# [Task goal]
Only the pictures are to be left out; write out the rest of the data exactly.

# [Supplied data]

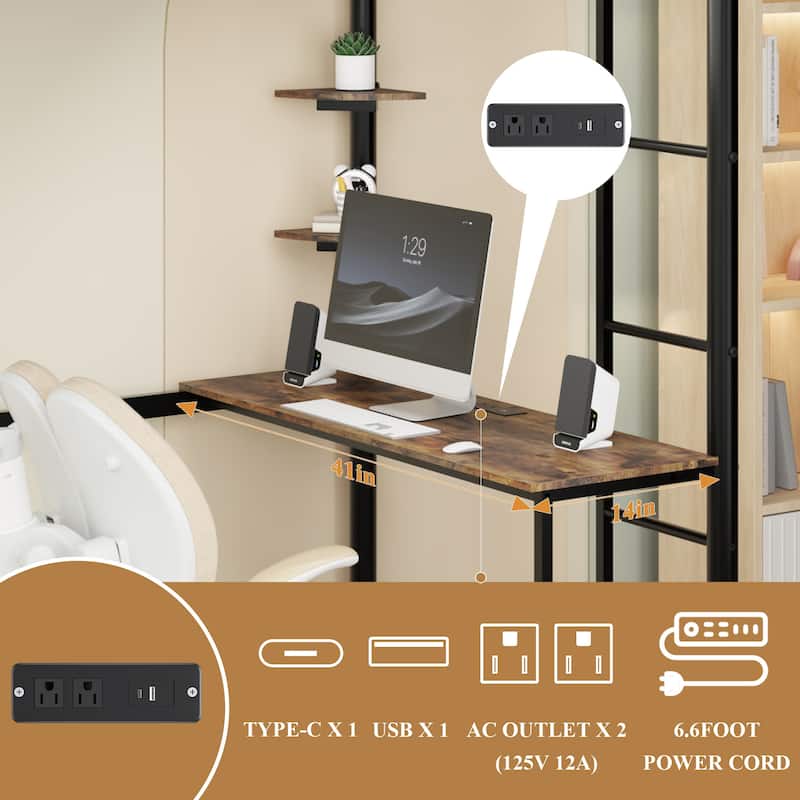 Compact Twin Loft Bed with Desk, Storage, and Charging Station for Space-Saving Rooms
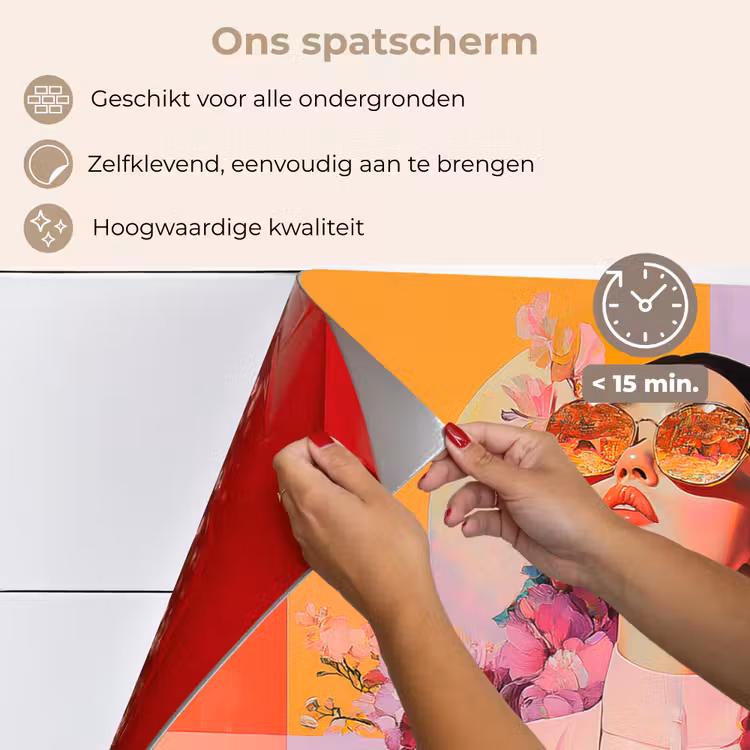 Spatscherm keuken - Portret - Vrouw - Abstract - Bloemen — 4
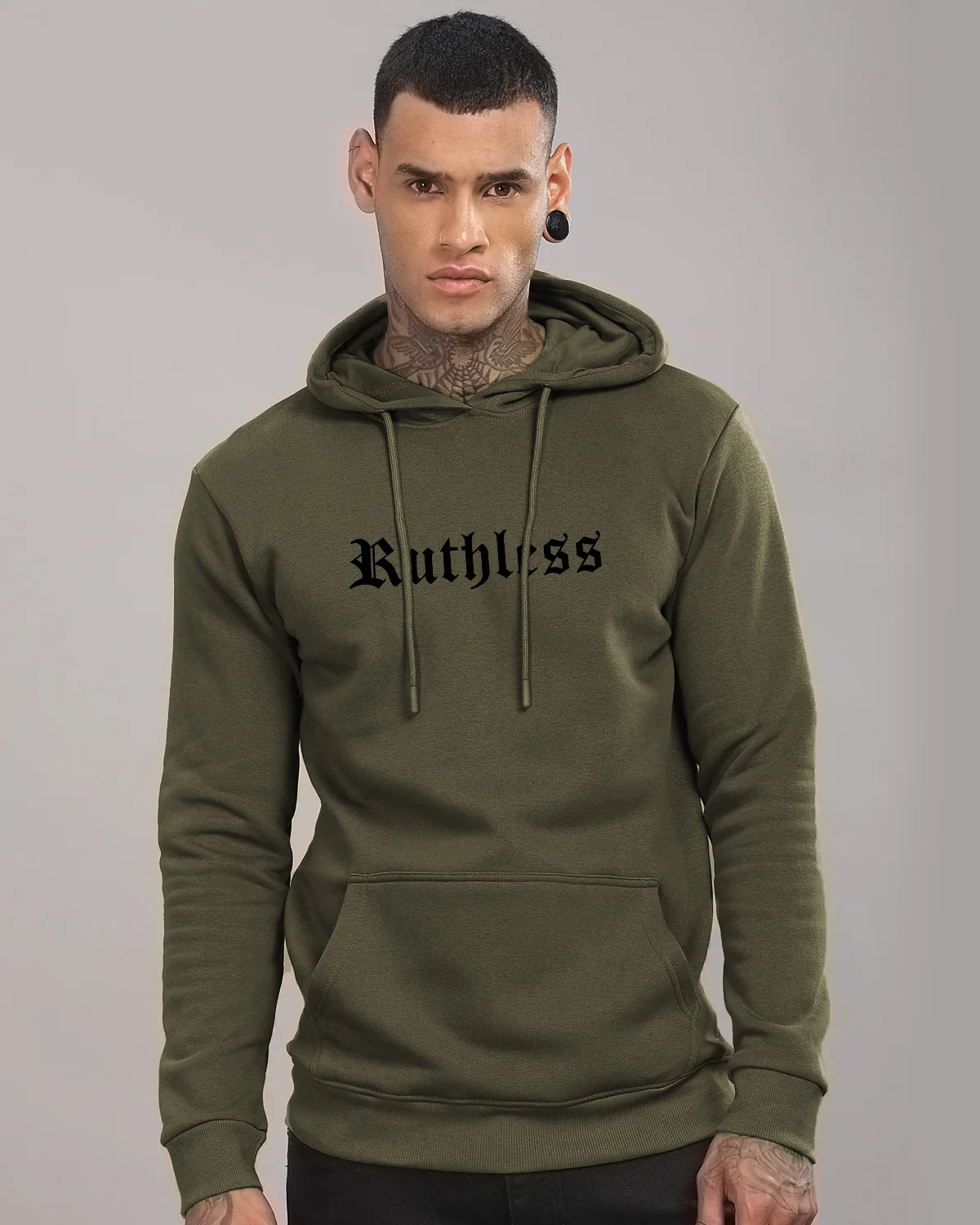 Men Olive Printed Hoodie - Image 4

# [Answer for the task]
 Compact Twin Loft Bed with Desk, Storage, and Charging Station for Space-Saving Rooms
 Spatscherm keuken - Portret - Vrouw - Abstract - Bloemen — 4
 Men Olive Printed Hoodie - Image 4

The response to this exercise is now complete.